I have mentioned the word ‘natively’ a lot during this article, and for good reason.
Every problem I have highlighted can be fixed with additional tooling. This is particularly true for mono repositories, any problem you come across we can just stick another tool to fix it. This is all well and good for the size we are now. But someone needs to look after that tooling and fix it when it breaks. Which it will. And if there isn’t an open-source tool out there to solve one of our problems, we would have to create our own tool.
As we grow, we can either take the direction of solving large problems with services or solving large problems with open-source or internal tooling. Open-source or internal tooling from the outset seems like the cheaper option, but if you add growth into the mix, it ends up becoming more expensive, because the people hours add up when it comes to maintaining the tooling.

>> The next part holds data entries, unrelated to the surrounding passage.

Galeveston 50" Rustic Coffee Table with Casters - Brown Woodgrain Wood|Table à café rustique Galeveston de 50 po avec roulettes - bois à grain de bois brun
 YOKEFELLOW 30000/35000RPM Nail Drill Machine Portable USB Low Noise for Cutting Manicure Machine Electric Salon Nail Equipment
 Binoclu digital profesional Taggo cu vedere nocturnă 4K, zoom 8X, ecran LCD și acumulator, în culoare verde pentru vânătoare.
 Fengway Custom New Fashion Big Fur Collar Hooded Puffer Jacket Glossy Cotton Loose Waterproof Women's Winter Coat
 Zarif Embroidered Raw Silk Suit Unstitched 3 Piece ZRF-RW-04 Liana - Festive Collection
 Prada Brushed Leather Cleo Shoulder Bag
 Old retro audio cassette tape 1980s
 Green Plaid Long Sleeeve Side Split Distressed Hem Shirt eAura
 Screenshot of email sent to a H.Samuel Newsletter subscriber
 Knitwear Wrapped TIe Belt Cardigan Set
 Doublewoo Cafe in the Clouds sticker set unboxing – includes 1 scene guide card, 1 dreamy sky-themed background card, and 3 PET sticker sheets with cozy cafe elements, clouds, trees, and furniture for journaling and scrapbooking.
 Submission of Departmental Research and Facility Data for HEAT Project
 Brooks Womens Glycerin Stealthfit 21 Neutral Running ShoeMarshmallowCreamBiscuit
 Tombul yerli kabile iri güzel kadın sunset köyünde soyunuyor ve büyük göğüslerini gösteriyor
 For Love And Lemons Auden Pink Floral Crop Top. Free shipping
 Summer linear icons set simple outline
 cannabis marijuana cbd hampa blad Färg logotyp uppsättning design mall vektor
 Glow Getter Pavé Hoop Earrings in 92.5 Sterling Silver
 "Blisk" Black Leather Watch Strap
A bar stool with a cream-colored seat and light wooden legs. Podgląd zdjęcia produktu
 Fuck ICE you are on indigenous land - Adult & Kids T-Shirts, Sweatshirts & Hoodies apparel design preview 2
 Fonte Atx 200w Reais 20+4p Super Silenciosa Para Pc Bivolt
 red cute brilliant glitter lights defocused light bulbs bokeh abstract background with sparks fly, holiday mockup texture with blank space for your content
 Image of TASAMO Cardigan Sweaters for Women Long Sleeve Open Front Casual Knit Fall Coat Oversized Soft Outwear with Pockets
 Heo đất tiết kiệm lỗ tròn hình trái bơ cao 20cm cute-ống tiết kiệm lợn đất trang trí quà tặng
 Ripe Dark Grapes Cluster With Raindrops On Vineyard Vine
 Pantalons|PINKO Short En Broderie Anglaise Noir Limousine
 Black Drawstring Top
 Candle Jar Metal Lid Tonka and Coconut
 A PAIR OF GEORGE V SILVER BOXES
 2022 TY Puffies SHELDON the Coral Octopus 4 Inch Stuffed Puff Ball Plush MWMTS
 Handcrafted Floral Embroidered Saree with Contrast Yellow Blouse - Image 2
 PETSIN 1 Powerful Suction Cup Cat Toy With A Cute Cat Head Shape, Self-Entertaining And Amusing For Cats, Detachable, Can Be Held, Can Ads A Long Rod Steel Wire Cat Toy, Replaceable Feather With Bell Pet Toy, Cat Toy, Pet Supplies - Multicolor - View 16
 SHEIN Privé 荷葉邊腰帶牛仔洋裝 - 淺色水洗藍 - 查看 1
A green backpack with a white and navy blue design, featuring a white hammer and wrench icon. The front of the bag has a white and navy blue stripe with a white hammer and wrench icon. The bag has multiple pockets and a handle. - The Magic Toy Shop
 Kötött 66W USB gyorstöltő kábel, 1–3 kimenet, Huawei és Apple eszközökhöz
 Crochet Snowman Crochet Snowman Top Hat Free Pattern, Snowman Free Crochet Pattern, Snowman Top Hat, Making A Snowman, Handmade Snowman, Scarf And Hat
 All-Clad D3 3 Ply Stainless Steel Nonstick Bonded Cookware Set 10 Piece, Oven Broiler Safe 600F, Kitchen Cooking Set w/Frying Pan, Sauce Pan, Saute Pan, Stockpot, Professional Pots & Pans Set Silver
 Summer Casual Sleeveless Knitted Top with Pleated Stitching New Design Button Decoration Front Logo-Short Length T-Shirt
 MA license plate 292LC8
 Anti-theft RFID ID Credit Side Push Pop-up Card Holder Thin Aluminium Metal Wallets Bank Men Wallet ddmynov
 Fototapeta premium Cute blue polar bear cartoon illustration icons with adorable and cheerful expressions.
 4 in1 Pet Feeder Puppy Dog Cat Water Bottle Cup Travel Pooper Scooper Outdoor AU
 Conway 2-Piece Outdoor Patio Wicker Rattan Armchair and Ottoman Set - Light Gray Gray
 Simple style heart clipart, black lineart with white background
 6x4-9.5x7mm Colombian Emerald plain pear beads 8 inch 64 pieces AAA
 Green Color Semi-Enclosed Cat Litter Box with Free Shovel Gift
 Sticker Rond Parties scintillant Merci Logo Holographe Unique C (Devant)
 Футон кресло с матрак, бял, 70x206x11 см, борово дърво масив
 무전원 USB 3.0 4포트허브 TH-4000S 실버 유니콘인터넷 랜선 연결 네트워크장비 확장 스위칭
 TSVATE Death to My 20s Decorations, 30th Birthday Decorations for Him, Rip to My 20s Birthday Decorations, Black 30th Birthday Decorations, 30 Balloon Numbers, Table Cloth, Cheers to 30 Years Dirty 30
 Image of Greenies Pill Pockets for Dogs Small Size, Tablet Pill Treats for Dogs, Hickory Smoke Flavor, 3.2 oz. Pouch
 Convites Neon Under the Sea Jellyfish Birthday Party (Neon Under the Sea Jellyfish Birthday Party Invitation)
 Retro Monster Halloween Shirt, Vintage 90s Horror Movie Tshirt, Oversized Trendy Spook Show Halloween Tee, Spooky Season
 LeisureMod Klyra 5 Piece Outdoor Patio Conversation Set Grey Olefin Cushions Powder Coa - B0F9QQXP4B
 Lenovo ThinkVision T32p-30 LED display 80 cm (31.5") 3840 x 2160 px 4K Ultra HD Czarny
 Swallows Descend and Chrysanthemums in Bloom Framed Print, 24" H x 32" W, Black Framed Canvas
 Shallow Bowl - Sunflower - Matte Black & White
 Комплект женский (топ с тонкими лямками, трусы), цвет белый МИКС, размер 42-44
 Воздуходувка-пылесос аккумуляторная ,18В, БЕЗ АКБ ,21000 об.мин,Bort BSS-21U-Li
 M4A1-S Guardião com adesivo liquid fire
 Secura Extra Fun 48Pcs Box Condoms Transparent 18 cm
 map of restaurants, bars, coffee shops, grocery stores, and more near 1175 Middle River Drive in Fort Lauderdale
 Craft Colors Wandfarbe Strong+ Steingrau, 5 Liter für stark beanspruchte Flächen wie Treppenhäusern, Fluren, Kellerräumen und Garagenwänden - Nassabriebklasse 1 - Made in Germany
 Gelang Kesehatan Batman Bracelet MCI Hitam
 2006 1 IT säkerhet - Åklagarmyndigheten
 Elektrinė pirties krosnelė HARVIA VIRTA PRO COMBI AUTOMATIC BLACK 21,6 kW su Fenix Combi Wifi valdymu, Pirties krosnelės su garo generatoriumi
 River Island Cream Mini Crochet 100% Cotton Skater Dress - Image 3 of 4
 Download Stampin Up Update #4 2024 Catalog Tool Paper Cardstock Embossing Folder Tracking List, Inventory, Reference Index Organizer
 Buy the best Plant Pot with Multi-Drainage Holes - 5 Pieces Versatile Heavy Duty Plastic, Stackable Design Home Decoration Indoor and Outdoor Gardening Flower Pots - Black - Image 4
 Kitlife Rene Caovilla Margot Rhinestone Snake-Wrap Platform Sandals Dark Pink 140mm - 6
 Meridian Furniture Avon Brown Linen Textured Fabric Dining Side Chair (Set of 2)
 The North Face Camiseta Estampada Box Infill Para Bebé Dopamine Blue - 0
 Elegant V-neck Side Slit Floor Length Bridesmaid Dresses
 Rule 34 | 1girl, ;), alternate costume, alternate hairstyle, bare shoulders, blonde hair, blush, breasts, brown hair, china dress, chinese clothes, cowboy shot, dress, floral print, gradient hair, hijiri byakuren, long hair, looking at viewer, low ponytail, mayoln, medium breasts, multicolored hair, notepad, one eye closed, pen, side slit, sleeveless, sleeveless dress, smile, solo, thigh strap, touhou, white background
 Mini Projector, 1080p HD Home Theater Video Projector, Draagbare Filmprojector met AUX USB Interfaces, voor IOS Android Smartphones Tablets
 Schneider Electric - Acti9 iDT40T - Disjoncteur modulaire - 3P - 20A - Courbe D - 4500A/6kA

We don’t have the time nor the resources to create, maintain, and document an internal tool to the standard service providers do. And if we do, that will have to reside on a team, most likely DevOps.
The more tooling we implement, the risk that a release or a piece of work getting blocked increases, with every tool implemented. The higher the risk, the more time we have to spend maintaining to make sure it doesn’t create a blocker. The more time we spend, the more engineers we need. The more engineers we have, the more it’s going to cost.
By now you have probably worked out I am a strong advocate for poly repos for our use case.
If I thought the engineering team was going to stay the size that it currently is, I would be an advocate for a mono approach. While many large organisations use mono repos, such as Facebook and Google, they have a team or more dedicated to internal tooling to solve internal problems.
We don’t have that luxury. So I believe we should adopt a ‘minimal internal tooling’ mentality, to avoid tooling hell.
Although I am an advocate for poly repos, for me this is not a debate between poly vs mono. It is a debate on what the most efficient set up for our development and release process is. After all, it is these two processes that will heavily influence our TTL for new features and bug fixes.
The perfect world can exist with both poly and mono, but we will get there quicker, cheaper and with less blockers with poly.